Data preprocessing and differentially expressed gene screening

After downloading the original microarray data, the limma package in R software (version3.1.3, https://​bioconductor.​org/​packages/​release/​bioc/​html/​limma.​html) [15] was used to normalize the DNA methylation and gene expression data. DNA hypomethylation and hypermethylation were common cancer hallmarks. False discovery rate (FDR) values and fold change values were calculated by using the limma package to evaluate the DEGs and differentially methylated genes (DMGs) between the disease and control groups. An FDR < 0.05 and |log2FC|> 0.5 were considered to be threshold values.
Moreover, the pheatmap package (Version 1.0.8, https://​cran.​r-project.​org/​package=​pheatmap) [16] in R software was used to perform the bidirectional hierarchical clustering analysis for the gene expression and methylation values based on Euclidean distance [17, 18]. The pheatmap was constructed to visualize gene expression values.

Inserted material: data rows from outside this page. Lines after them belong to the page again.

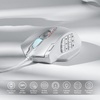 image:imageRedragon M913 MAX Wireless Gaming Mouse 26000 DPI MMO Optical Mouse with 16 Programmable Buttons BT amp 24G Wireless Software Supports DIY KeybindsWhite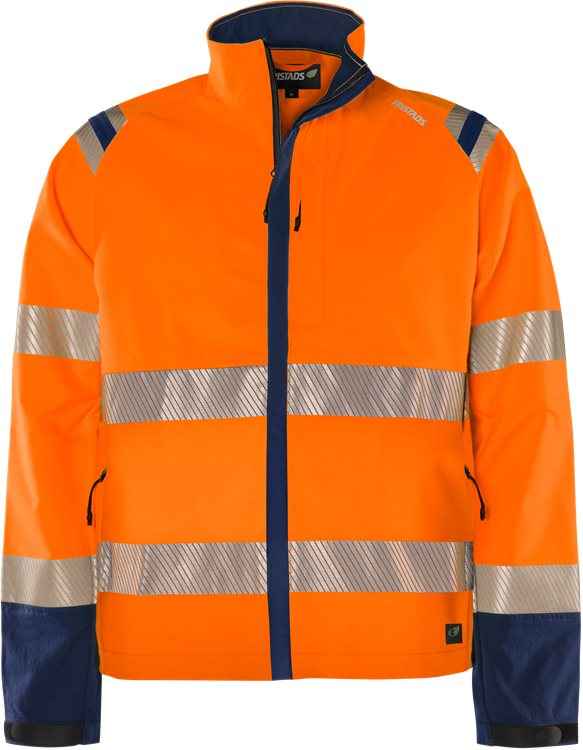 High vis Green stretch jack klasse 3 4647 GSTP - Jassen en bodywarmers - Werkjassen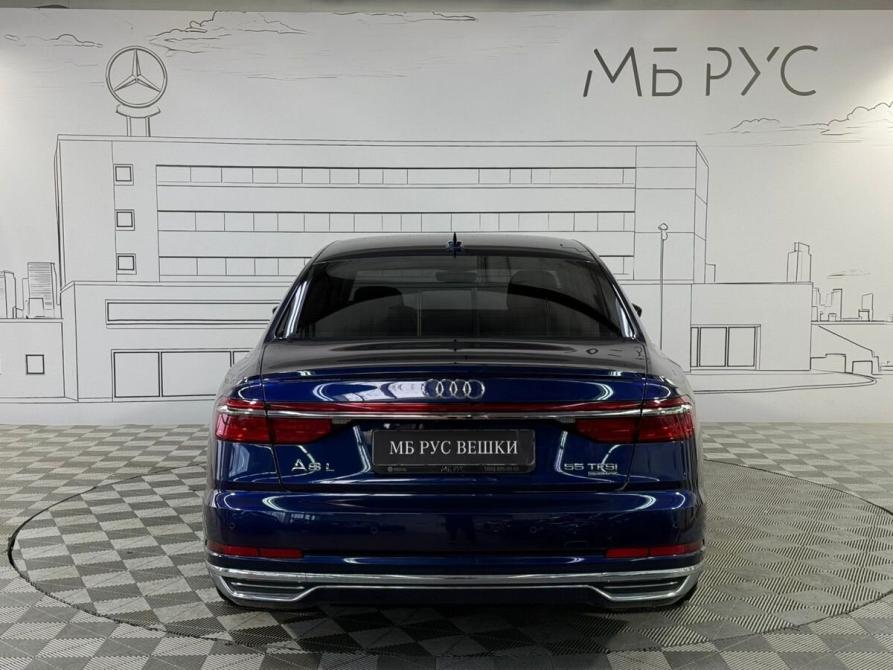 Audi A8 IV (D5) Москва  - изображение 8
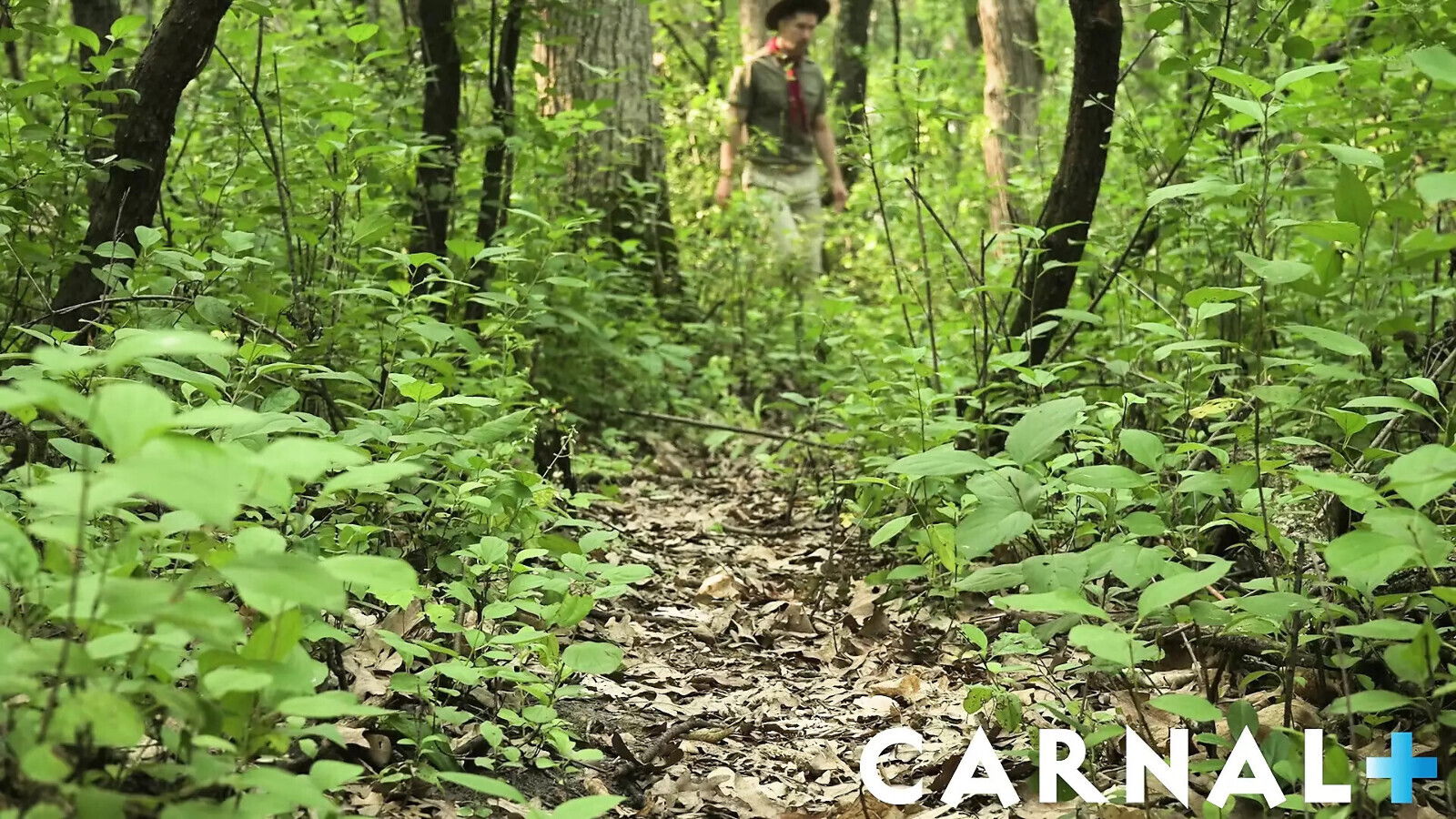 ScoutBoys Hung DILF Eddie Patrick threesome with sexy scout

Gene ontology function and KEGG pathway analysis for DEGs and DMGs

Initially, we compared the collection of DEGs and DMGs, kept the intersection of the two data sets, and analyzed the overall correlation between the degree of difference in methylation and expression levels. The cor.test function (https://​stat.​ethz.​ch/​R-manual/​R-devel/​library/​stats/​html/​cor.​test.​html) was used to calculate the Pearson correlation coefficient. The expression and methylation level differences in opposite directions were reserved for further analysis. Subsequently, the Database for Annotation, Visualization and Integrated Discovery tool, version 6.8 [19, 20] (DAVID, https://​david.​ncifcrf.​gov/​) was used to perform GO function and KEGG pathway enrichment analysis for the mRNAs with an opposite direction of difference in expression and methylation levels. The threshold value was considered to be P < 0.05.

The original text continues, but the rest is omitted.